Exercise details — Could you transcribe exactly the lines below, from the line with "Top doux réutilisable" through the line with "California Lottery Lotto", and nothing else, leaving out the pictures?

Source data —
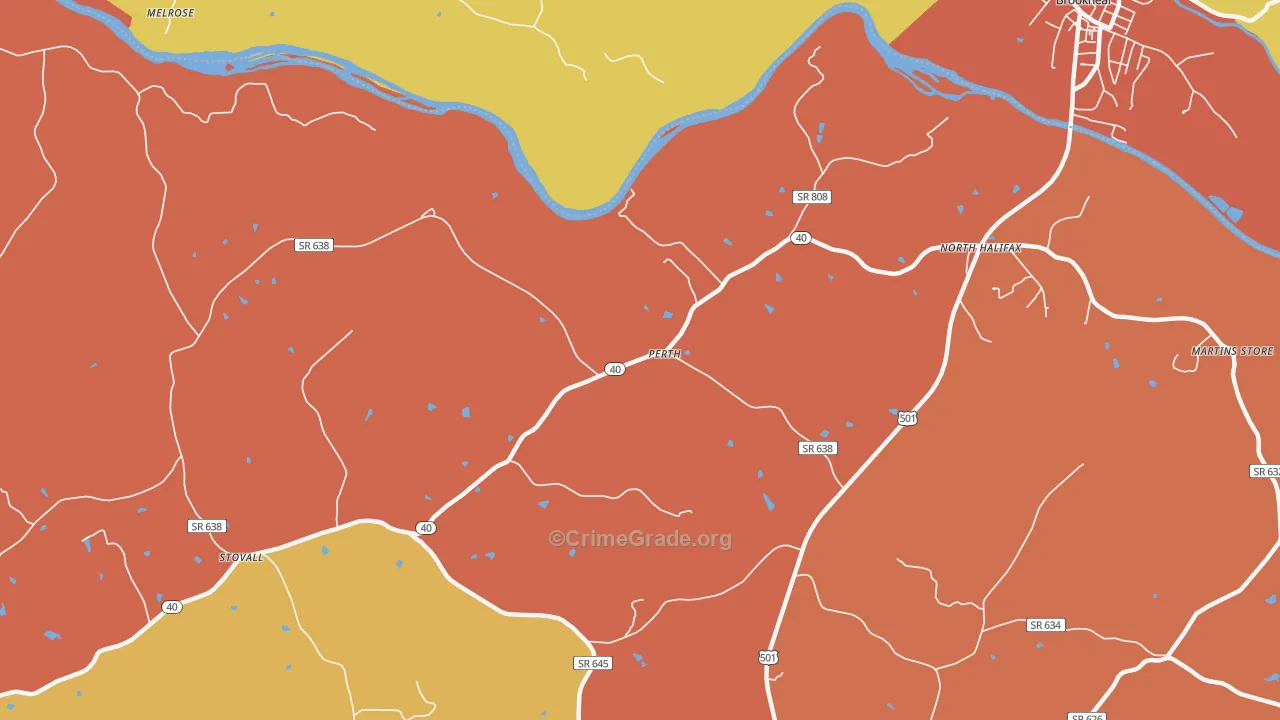 Perth, VA Map of Vandalism Rates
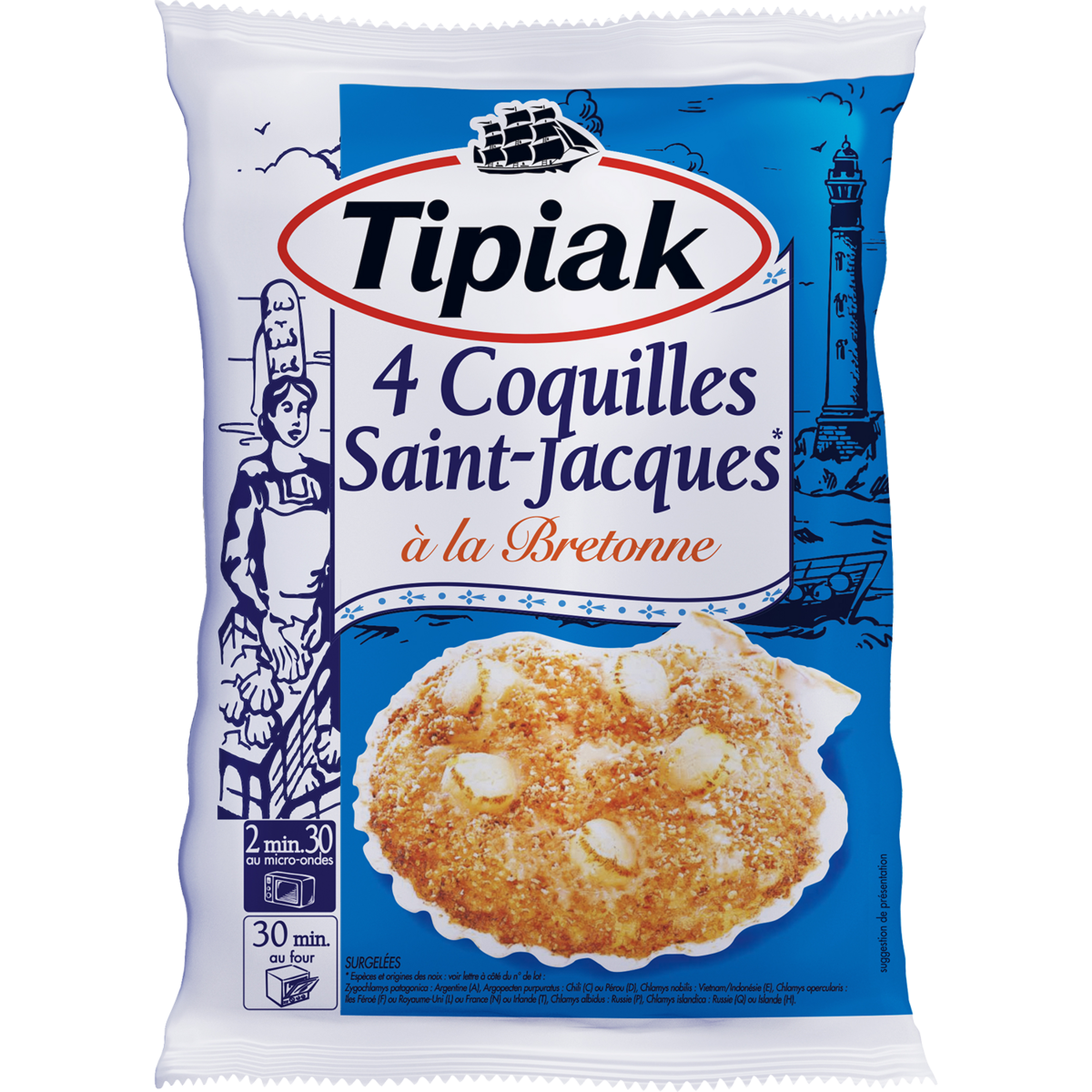 Tipiak Coquille Saint Jacques A La Bretonne 4 Pieces 360g Pas Cher A Prix Auchan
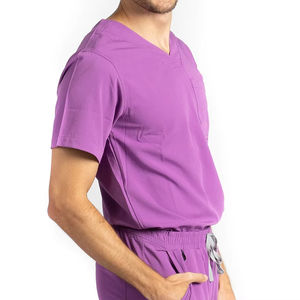 Top doux réutilisable été hôpital gommage costumes extensible respirant hommes ensemble soins infirmiers gommages uniforme à vendre meilleur prix ODM OEM - Product Image 2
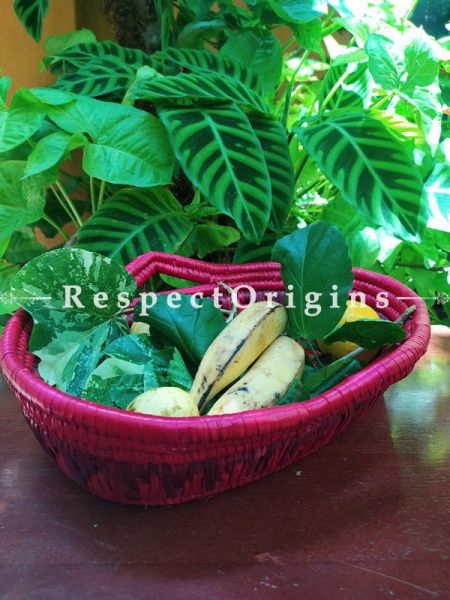 Buy Healthy Vibrance in Handwoven Pink Organic Moonj Grass Fruit or Knick-knack Oval Basketat  at RespectOrigins.com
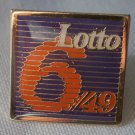 California Lottery Lotto 6/49 Pin Enamel Goldtone Metal State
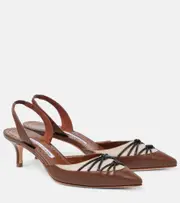 [Manolo Blahnik] Manolo Blahnik Maretsli 50 leather slingback pumps AU 8 brown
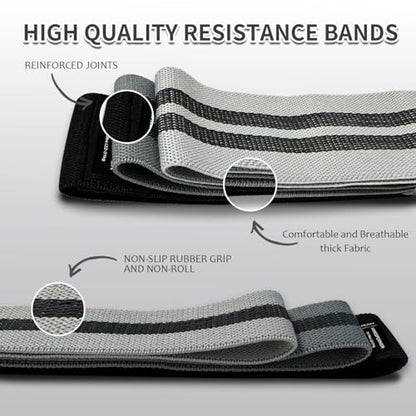 HIMESPORNER 9 PCS Fabric Resistance Bands Set for Working Out - color: Grey and Black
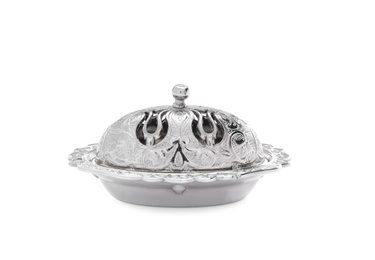 Photo of Vintage metal butter dish with lid isolated on white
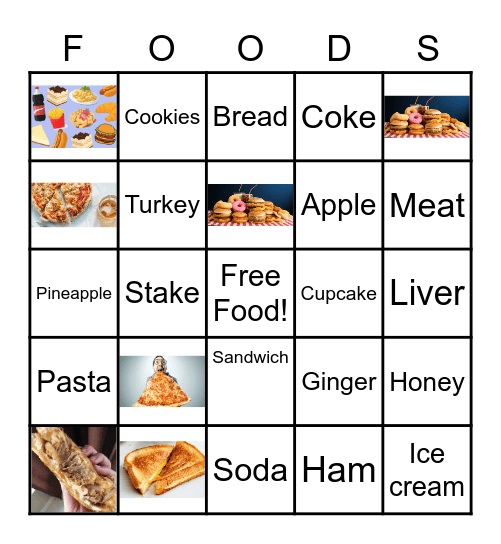 Food Bingo Card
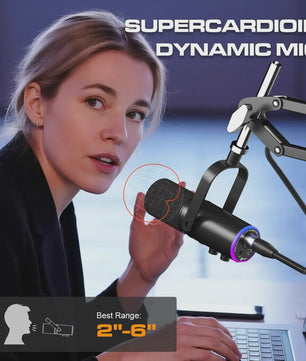 XLR/USB Gaming Microfoon Kit met Arm, RGB & Mute Functie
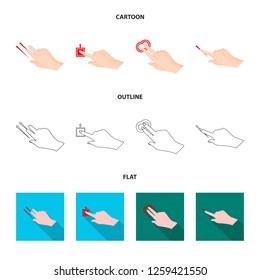 Isolated object of touchscreen and hand sign. Collection of touchscreen and touch vector icon for stock.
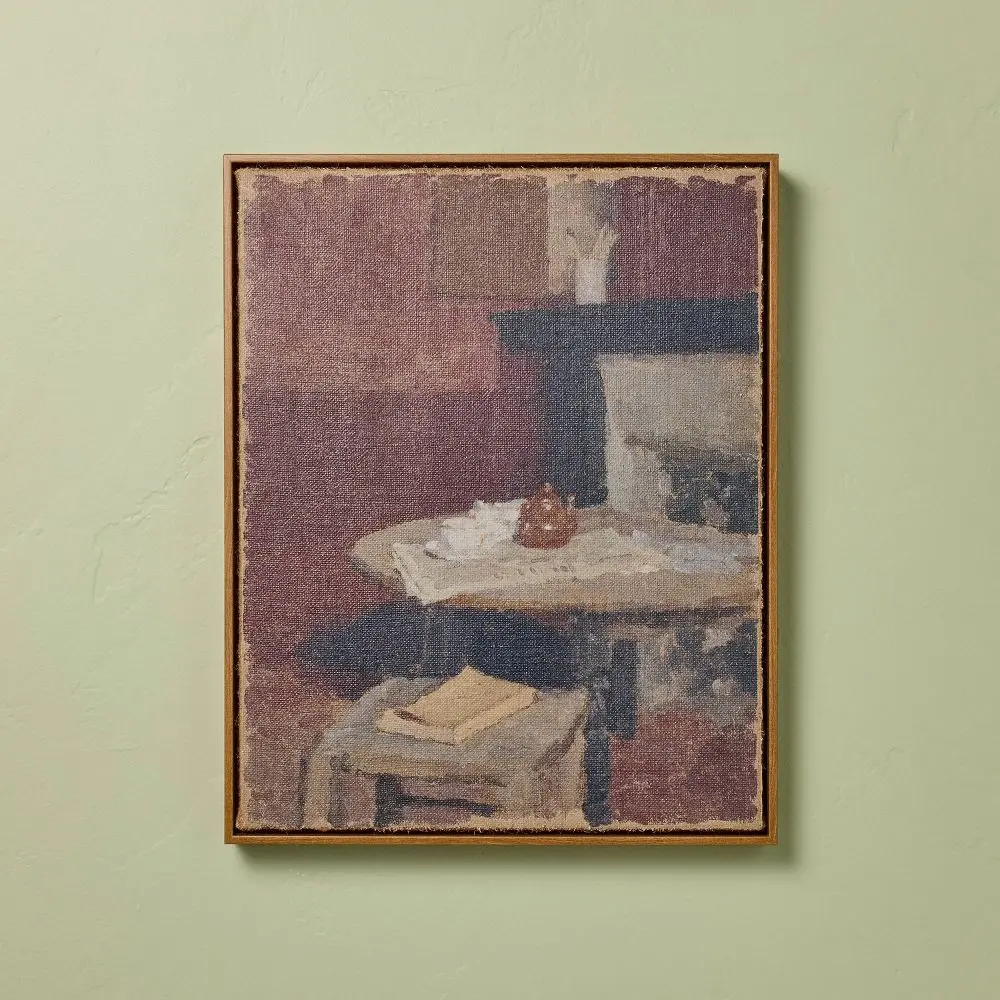 20"x16" Vertical Dining Still Life Framed Burlap Wall Art - Hearth & Hand with Magnolia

Problem solution —
 Top doux réutilisable été hôpital gommage costumes extensible respirant hommes ensemble soins infirmiers gommages uniforme à vendre meilleur prix ODM OEM - Product Image 2
 Buy Healthy Vibrance in Handwoven Pink Organic Moonj Grass Fruit or Knick-knack Oval Basketat  at RespectOrigins.com
 California Lottery Lotto 6/49 Pin Enamel Goldtone Metal State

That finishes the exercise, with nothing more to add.